Boolean Search Model is a classic Information Retrieval(IR) Model based on Boolean Logic and classical set theory in that both the documents to be searched and the user's query are conceived as sets of terms. Retrieval is based on whether or not the documents contain the query terms.(Refer https://en.wikipedia.org/wiki/Boolean_model_of_information_retrieval)
- Our source of information will be the 20 Newsgroup Dataset.
- For demonstration we would be using the sci.space Dataset in it only for now.
- Our aim will be to create posting lists which is basically collecting all the unique terms from this dataset and making a linked lists of all terms containg their document ids in an ordered manner.

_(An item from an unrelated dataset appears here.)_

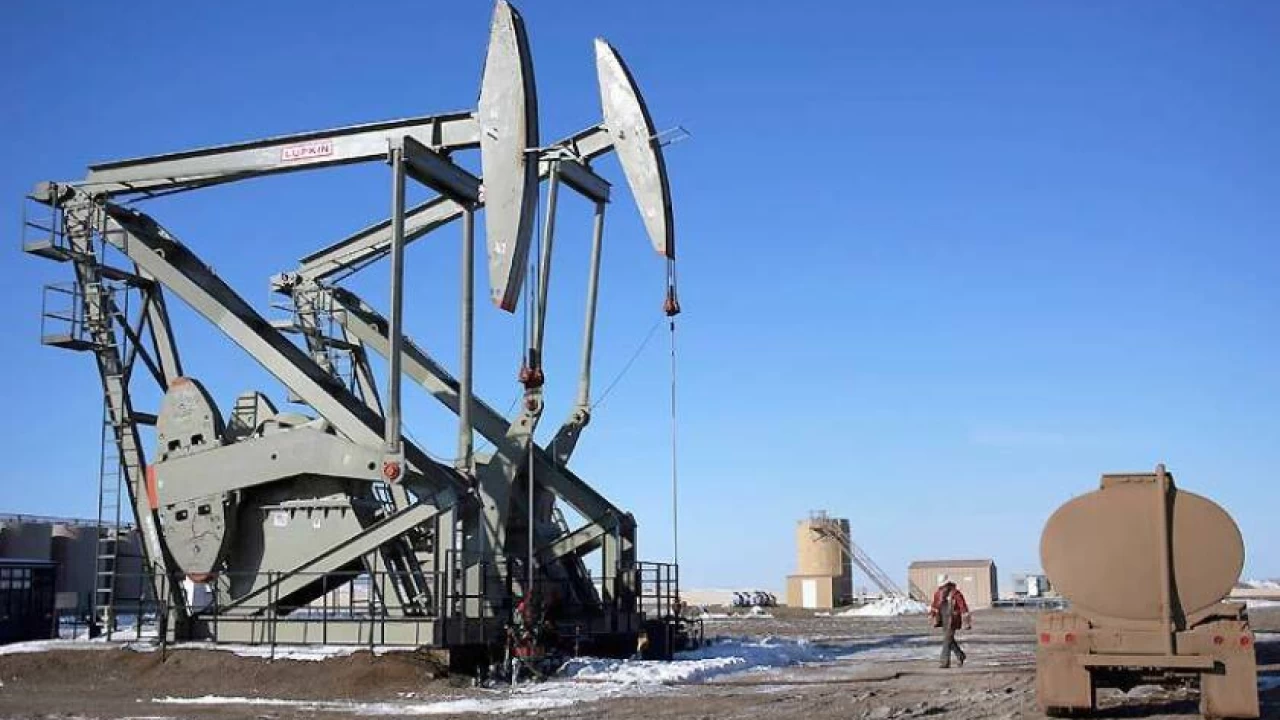 Oil prices fall to lowest since before Ukraine invasion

- We will apply stopword removal, and lemmatization (stemming can also be used).
- We will be using the nltk python library for this.
- We do this for each document creating the posting lists of terms in it simultaneously.
- A query can contain words and 3 operators(AND, OR & NOT).
- We allow the user to enter a search query with the assumption that:
- First and last words cannot be operators.
- Two succesive words cant be operators.
- Boolean operator when not used between words implies AND operator.
- We merge the posting lists of the terms entered in query and display the intersecting resulting pages accordingly.
Keep the file containg dataset along with BooleanSearch.py Install dependancies from terminal:
$sudo pip install -U nltk
To run the program:
$python2 BooleanSearch.py
Input query when prompted.
example: astronomer and moon not stars.